A federal prosecutor is urging a judge to send businessman David M. Adams to prison for a long time, asserting in a sentencing document that he is “one of the biggest federal tax cheats in Connecticut history.”
Adams, 57, of East Lyme pleaded guilty in U.S. District Court in October to six tax-related crimes, and was scheduled for sentencing last week. His attorney, William T. Koch Jr., was on trial elsewhere and was granted an extension. Adams’ sentencing is now set for May 30 before Judge Vanessa L. Bryant in Hartford. He faces decades in prison.
Adams is the founder of Flowers USA and another online floral business, both of which he has sold. He is a principal of Saybrook Realty Partners, which has an interest in the Saybrook Junction plaza near the Old Saybrook train station.
In a sentencing memorandum submitted to the court, Assistant U.S. Attorney Susan L. Wines says Adams has been a “tremendous drain on federal resources for 20 years” who appears to have no intention of ever repaying the government.
As of October 2016, he owed more than $4.7 million in back taxes, interest and penalties for tax years 2002, 2006, 2007, 2008, 2009, 2011 and 2012, according to the government, and interest and penalties have continued to accrue since that time.
Attorney Drzislav “Dado” Coric said he would be arguing on behalf of Adams at the sentencing hearing.
“It’s going to be a very unique and interesting sentencing, both from a factual and legal standpoint,” Coric said Wednesday evening. “While people may not be able to put all the pieces together in a coherent manner at this point, the hope is that after sentencing they’ll see this may not be what it seems on the surface.”
Wines said Adams lived a lavish lifestyle. She described a decadeslong cat-and-mouse game that he played with the government, evading taxes while building a luxury estate, named “Orchard Manor,” on 40 acres on Scott Road in East Lyme, and more recently, paying $10,000 a month for a beach property “right on the point in the tony Fenwick Borough of Old Saybrook.” Adams filled an 11-car garage at the East Lyme home with a Maserati, Range Rover, Land Rover and other luxury vehicles, according to the government, and spent tens of thousands of dollars vacationing in five-star hotels.
“Adams violated the tax laws in almost every conceivable way — evading the assessment of millions of dollars in income, falsely overstating payments, causing the filing of multiple false tax returns, willfully evading payment and engaging in an exhausting obstruction of the IRS’s efforts to collect from him,” Wines wrote.

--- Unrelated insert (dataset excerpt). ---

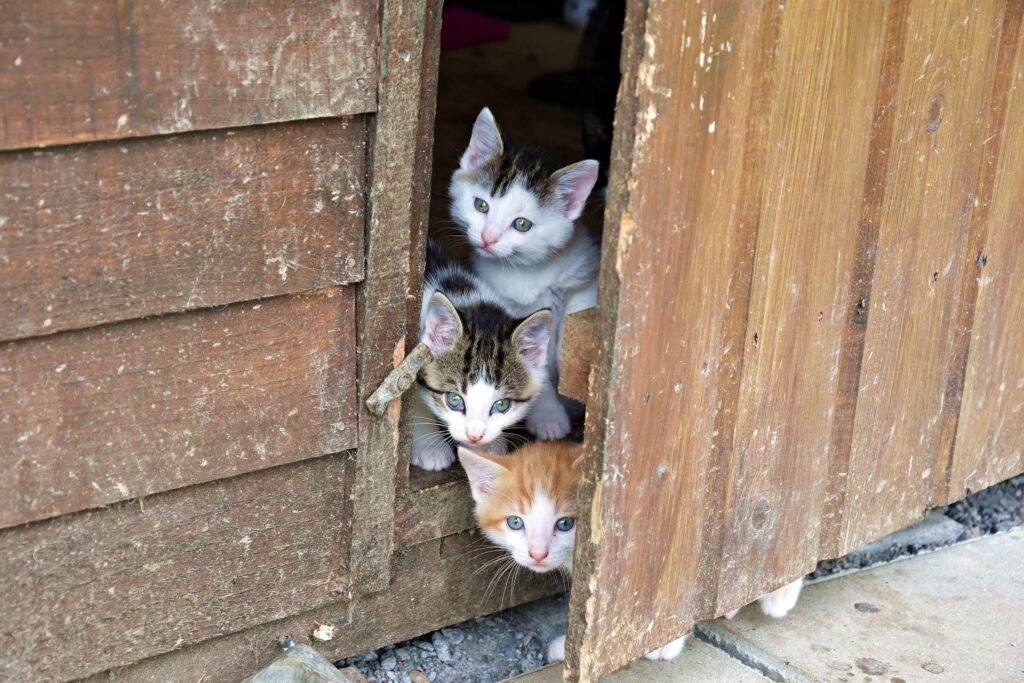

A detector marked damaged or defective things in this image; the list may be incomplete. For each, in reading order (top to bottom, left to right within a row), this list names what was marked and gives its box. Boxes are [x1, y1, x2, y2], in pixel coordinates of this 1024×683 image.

splintered wood edge [561, 307, 598, 403]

The prosecutor referenced readers’ comments about lenient sentences for white collar criminals left on a Day article as she urged the judge to impose a lengthy sentence.
“A significant term of imprisonment would promote respect for the law and rebut the sense that privileged defendants are treated with disproportionate leniency,” Wines wrote.
Adams’ attorney contends in a sentencing memorandum submitted to the court that Adams’ unpaid taxes amount to $2.6 million because the government incorrectly added penalties and interest to some of the charges. Koch is requesting that the judge impose a sentence of 46 months, which is below federal sentencing guidelines.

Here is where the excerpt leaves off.